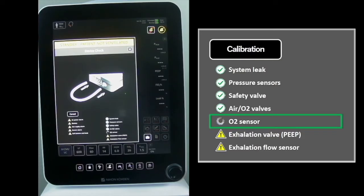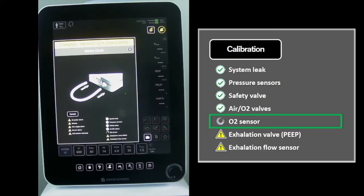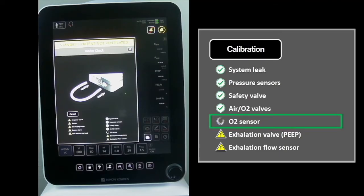The O2 Sensor Test calibrates the oxygen sensor. This is a two-point calibration at 21% and 100%. In the video, mine is going to fail due to no O2 source.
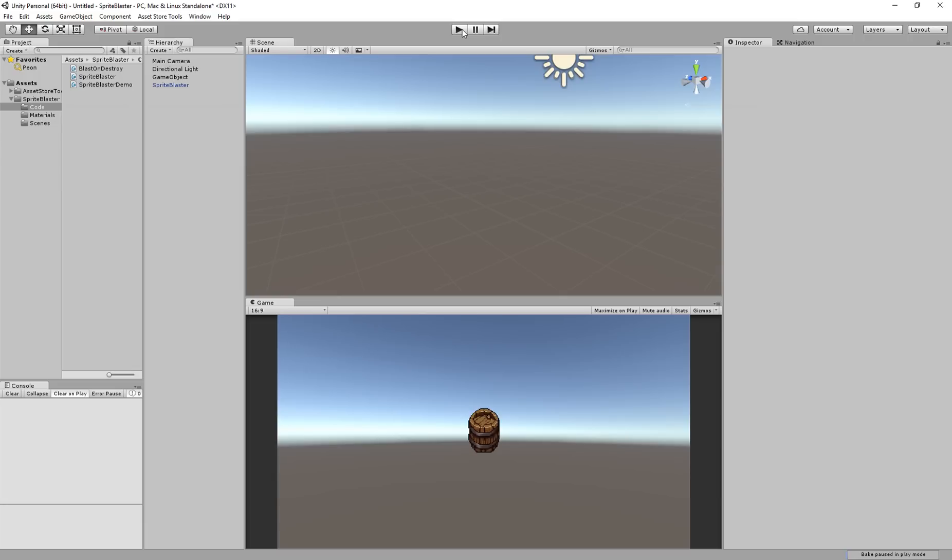And that's it. Those are the basics of Sprite Blaster. You can go to the website and get a lot more information about how to create your own blast maps and a more detailed look at how Sprite Blaster is implemented. Thanks a lot. Have a great day.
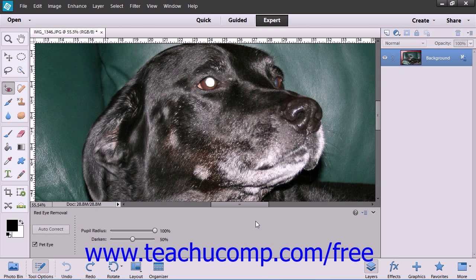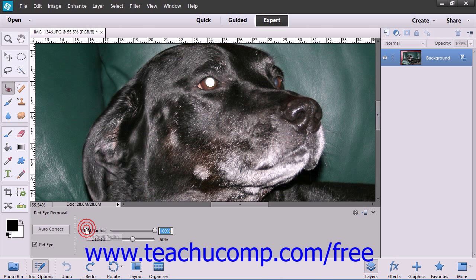If you don't get your desired results by using the Auto Red Eye Fix command, or if you prefer to have more precise control, then you can use the Red Eye Removal Tool located on the toolbox. After you select it, you can adjust the Pupil Radius and Darken Controls until you get the results that you want, and then simply click your mouse into the middle of the red part of the eye.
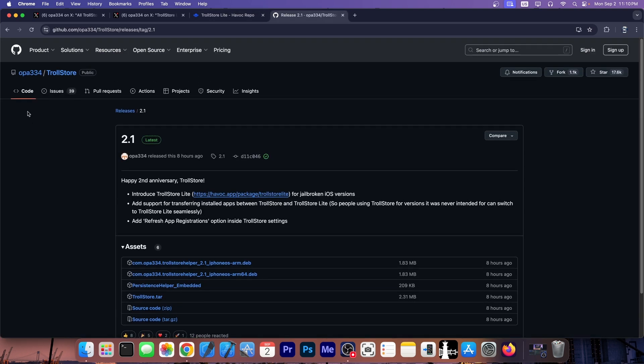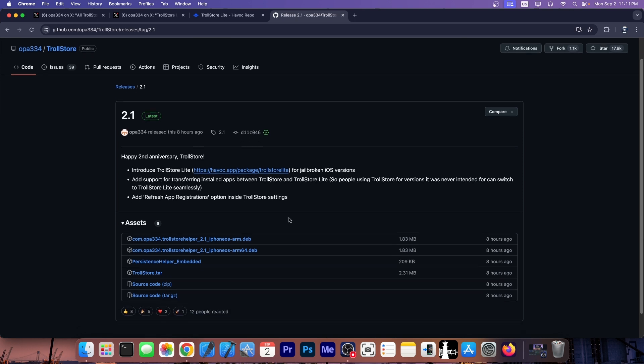Normal TrollStore has also been updated. They say here happy second anniversary TrollStore and they add support for transferring installed applications between TrollStore and TrollStore Lite. So people using TrollStore for versions it was never intended for can switch to TrollStore Lite seamlessly and add refresh app registration option inside TrollStore settings.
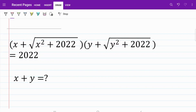Welcome back to the MathMy channel. In today's video, we are trying to find the sum of two variables x and y, when we are given that the two components of x and y multiplied by each other is equal to 2022. Let's go ahead and get started.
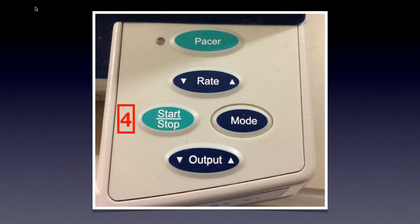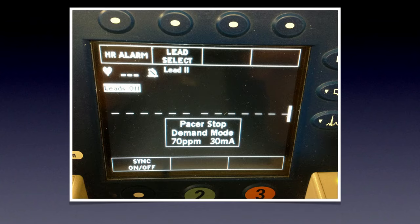The start/stop button turns the pacing function on and off. In demand mode, the pacemaker only fires a pulse when needed. If the patient's heart rate is 80 and the pacer is set at 70, it fires no pulses. If the native rate is 20, it fires 50 pulses per minute to reach 70. However, the transcutaneous pacemaker cannot sense and pace through the pads alone — it needs leads to sense and pads to pace.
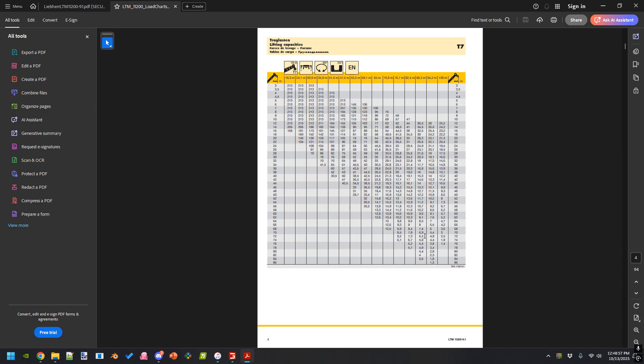I think I covered everything — hopefully that was nice and simple. I do have another video going over how to read lift charts if you need that. I'll try to remember to link that. Anyways, on to the next video.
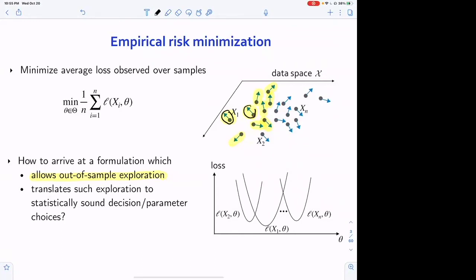How much should these perturbations be allowed? This is a critical question. If we explore out-of-sample possibilities with huge perturbations, the results may have nothing to do with reality. The balance between exploring what is a reasonable amount is quite important. The point of this talk is precisely to provide a rigorous, solid, and foundational way of choosing this perturbation size.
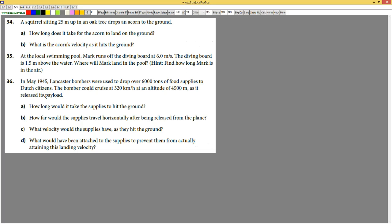So what the exercise is saying: in May 1945, Lancaster bombers were used to drop over 6,000 tons of food supplies to Dutch citizens. The bomber could cruise at 320 kilometers per hour at an altitude of 4,500 meters as it releases the payload.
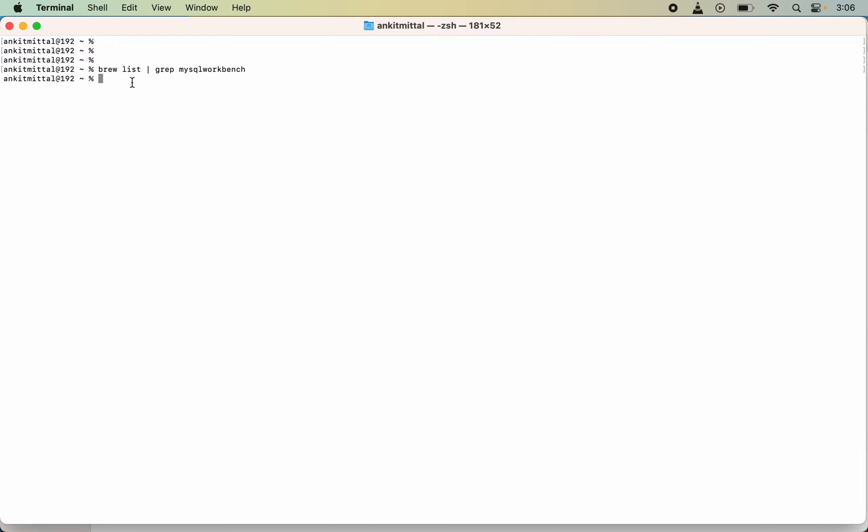If you get any result in the output of this command, then it means MySQL Workbench is installed. Otherwise, for me, because I did not get any output to this command, it means it is not installed.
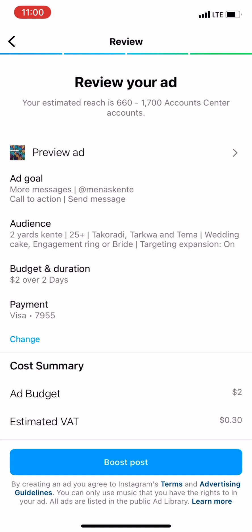You need a Visa card to run an ad on Instagram. If you don't have one, go to your bank and they will provide one, and then you can input the details into Instagram. Once you're sure everything is correct, click on Boost Ad. It will take some time for Instagram to approve it before the ad starts running for you.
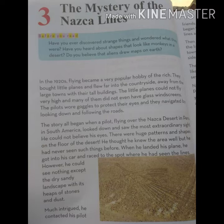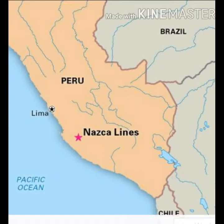The story all began — yani kahani — sari kahani tab shuru hii when a pilot was flying over the Nazca desert in Peru, in South America.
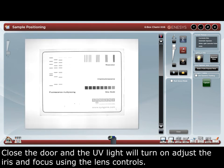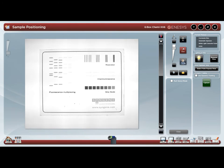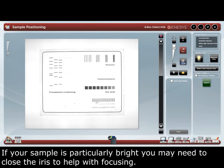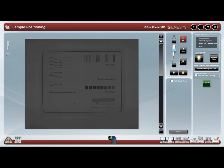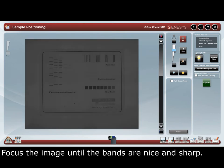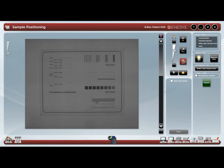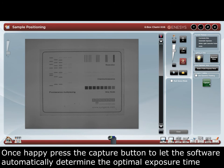Adjust the iris and the focus using the lens controls. If your sample is particularly bright, you may need to close the iris to help with focusing. Focus the image until the bands are nice and sharp. Once happy, press the capture button.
# # # #
TASK BRIEF: Each line above must be set down exactly, though no picture should be carried over.

ANSWER SPACE:
The O2 Sensor Test calibrates the oxygen sensor. This is a two-point calibration at 21% and 100%. In the video, mine is going to fail due to no O2 source.
And that's it. Those are the basics of Sprite Blaster. You can go to the website and get a lot more information about how to create your own blast maps and a more detailed look at how Sprite Blaster is implemented. Thanks a lot. Have a great day.
If you don't get your desired results by using the Auto Red Eye Fix command, or if you prefer to have more precise control, then you can use the Red Eye Removal Tool located on the toolbox. After you select it, you can adjust the Pupil Radius and Darken Controls until you get the results that you want, and then simply click your mouse into the middle of the red part of the eye.
Normal TrollStore has also been updated. They say here happy second anniversary TrollStore and they add support for transferring installed applications between TrollStore and TrollStore Lite. So people using TrollStore for versions it was never intended for can switch to TrollStore Lite seamlessly and add refresh app registration option inside TrollStore settings.
Welcome back to the MathMy channel. In today's video, we are trying to find the sum of two variables x and y, when we are given that the two components of x and y multiplied by each other is equal to 2022. Let's go ahead and get started.
The start/stop button turns the pacing function on and off. In demand mode, the pacemaker only fires a pulse when needed. If the patient's heart rate is 80 and the pacer is set at 70, it fires no pulses. If the native rate is 20, it fires 50 pulses per minute to reach 70. However, the transcutaneous pacemaker cannot sense and pace through the pads alone — it needs leads to sense and pads to pace.
I think I covered everything — hopefully that was nice and simple. I do have another video going over how to read lift charts if you need that. I'll try to remember to link that. Anyways, on to the next video.
How much should these perturbations be allowed? This is a critical question. If we explore out-of-sample possibilities with huge perturbations, the results may have nothing to do with reality. The balance between exploring what is a reasonable amount is quite important. The point of this talk is precisely to provide a rigorous, solid, and foundational way of choosing this perturbation size.
So what the exercise is saying: in May 1945, Lancaster bombers were used to drop over 6,000 tons of food supplies to Dutch citizens. The bomber could cruise at 320 kilometers per hour at an altitude of 4,500 meters as it releases the payload.
If you get any result in the output of this command, then it means MySQL Workbench is installed. Otherwise, for me, because I did not get any output to this command, it means it is not installed.
You need a Visa card to run an ad on Instagram. If you don't have one, go to your bank and they will provide one, and then you can input the details into Instagram. Once you're sure everything is correct, click on Boost Ad. It will take some time for Instagram to approve it before the ad starts running for you.
The story all began — yani kahani — sari kahani tab shuru hii when a pilot was flying over the Nazca desert in Peru, in South America.
Adjust the iris and the focus using the lens controls. If your sample is particularly bright, you may need to close the iris to help with focusing. Focus the image until the bands are nice and sharp. Once happy, press the capture button.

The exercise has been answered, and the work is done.